Hybrid effects of basalt and polyvinyl alcohol fibers on the mechanical properties and macro-microscopic analysis of low-heat portland cement concrete
Yu Zhang, Yuanxun Zheng, Chaowei Du, Shaowei Hu, Zhi Wang
Abstract
In this study, the pattern of the effect of hybrid basalt fibers (BF) and polyvinyl alcohol fibers (PVAF) on low-heat Portland cement (LHPC) concrete was investigated through mechanical properties and microstructural tests. The compressive stress-strain relationship law for hybrid fiber-reinforced LHPC-C is also summarized by the test data.
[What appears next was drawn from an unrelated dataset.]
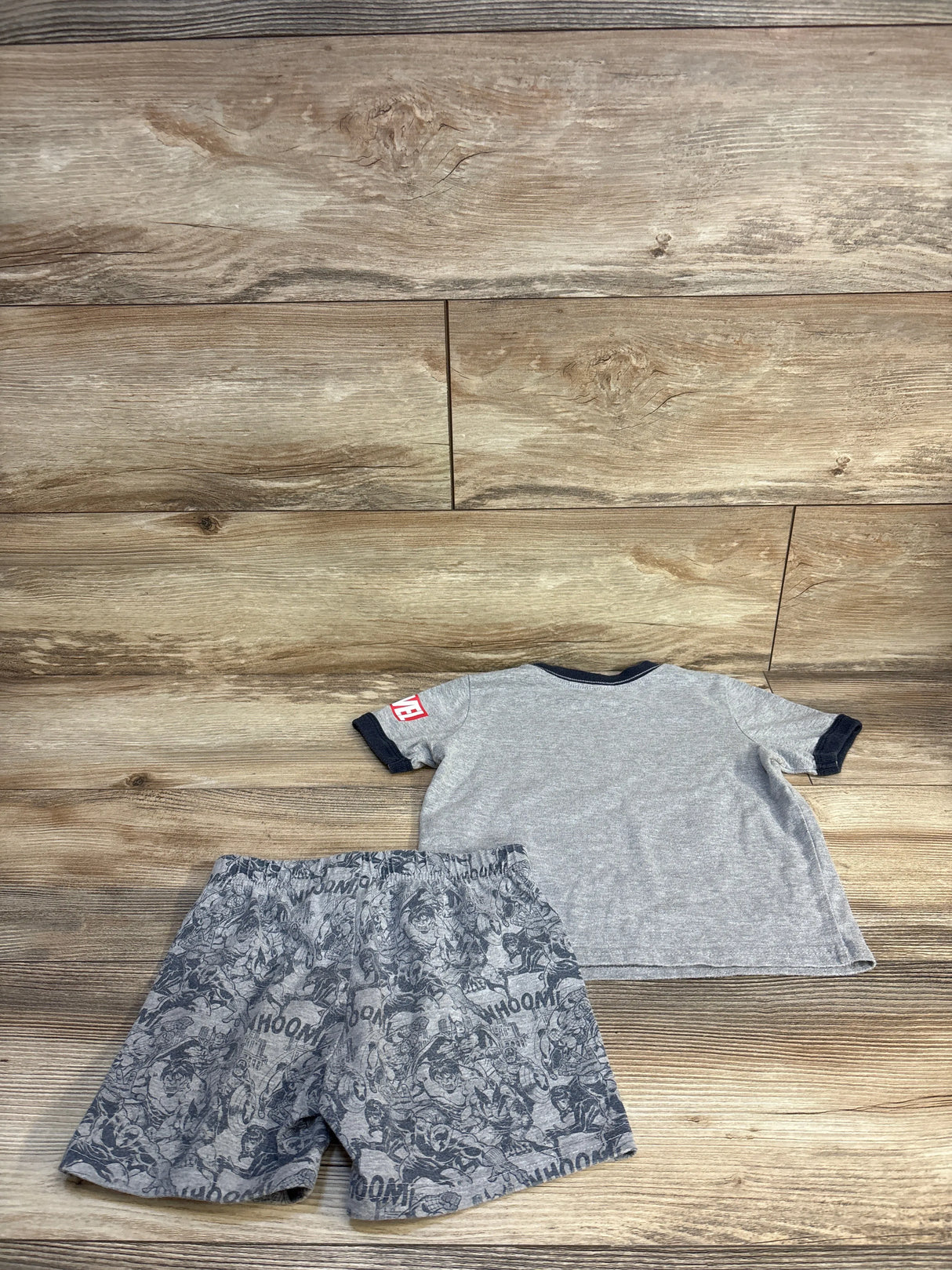 Marvel 2pc Shirt & Shorts Set Grey sz 3T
The test results showed that BF reduced the slump of LHPC-C more significantly than PVAF, and hybrid fibers were better than individual fibers for the strength enhancement of concrete. When the total fiber content was less than 0.4%, the two fibers showed a positive hybrid effect. The optimum hybrid fiber contents for 28 d compressive, splitting tensile, and flexural strength of concrete were 0.15% BF and 0.1% PVAF, 0.2% BF and 0.1% PVAF, and 0.15% BF and 0.3% PVAF, respectively. Compared with the control group, the three mechanical strengths were increased by 30.05%, 56.79%, and 43.51%, respectively. Meanwhile, the toughness of LHPC-C became more apparent as the fiber contents grew. Concrete with BF contents of 0.2% and PVAF of 0.3% had the highest toughness index. At the microscopic level, the components in LHPC-C were mainly SiO2, Ca(OH)2 and C–S–H gels. The surfaces of BF and PVAF were well-bonded to the hydrated cement matrix, and appropriate amounts of hybrid fibers can effectively reduce the porosity of LHPC-C.